Joyful, jungly, slightly wacky: a career changer’s packed city garden

Me and My Garden: Ross Flanagan

Take one teeny-tiny city front garden, a family dog, two energetic toddlers and their young parents – one who is an absolutely passionate gardener, the other who emphatically is not – and what have you got? "Let's just say that it's an ongoing turf war between myself and my wife, Emma, as to how much of the garden I can use for my plants versus how much is kept as a lawn for our sons to play on," says Ross Flanagan, who lives with his young family in Harold's Cross, Dublin. "Initially she tried to persuade me to use a very narrow strip next to the garden boundary wall. But there was no way I was falling for that, as it's too shady. So eventually we agreed on a small sunny strip next to the garden gate. The deal was that the bed could be no more than 2m long and 1m wide but I've been sneakily adding to it ever since I started planting it up last year; it's probably twice that now."
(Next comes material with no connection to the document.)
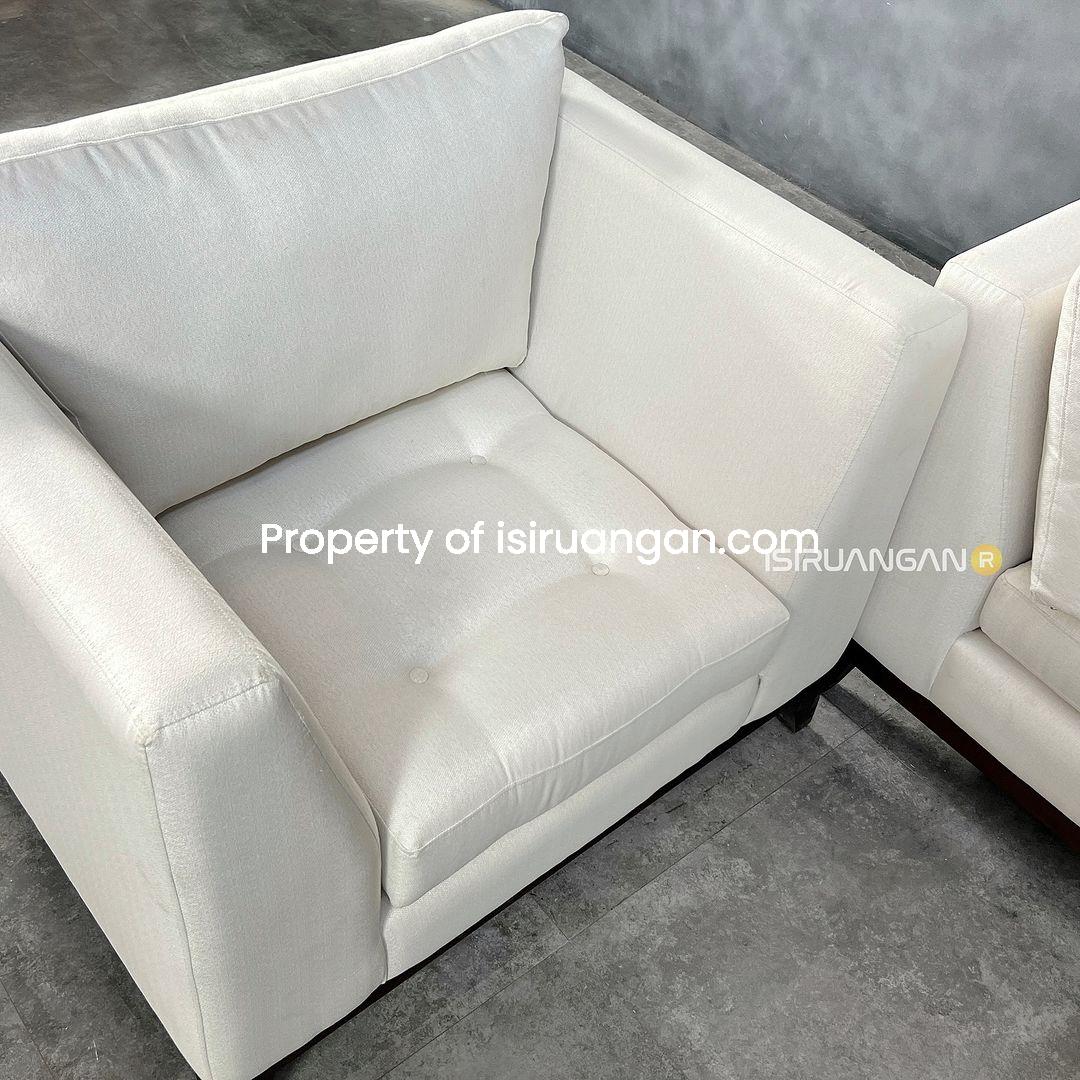 Sofa Zazu Single Seater Sofa Zazu Single Seater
Filled to bursting point with a mix of annuals, perennials and shrubby species, including golden and orange marigolds, lofty dahlias, bee-friendly salvias, monarda, the cheery yellow daisy flowers of Rudbeckia ‘Goldsturn’, silver-leaved artemisia (the compact variety known ‘Mori’s Strain’) and wispy Mexican feathergrass, this 2m by 2m strip has become Flanagan’s garden laboratory. It’s where he experiments with plants, studies their different growth habits, watches how they interact and gets to play with colour, texture and form.

I'm completely addicted to propagation. Getting seeds to germinate or getting a cutting to successfully root … it's magical

“It’s a very small space, but that doesn’t mean the plants have to be small. Instead I’ve gone for plenty of height and volume and lots of really vivid colour. Plants like Salvia ‘Amistad’, for example, which produces its purple flower spikes from July to October and Salvia ‘Guanajato’, which has the most amazing, brilliant blue blooms.”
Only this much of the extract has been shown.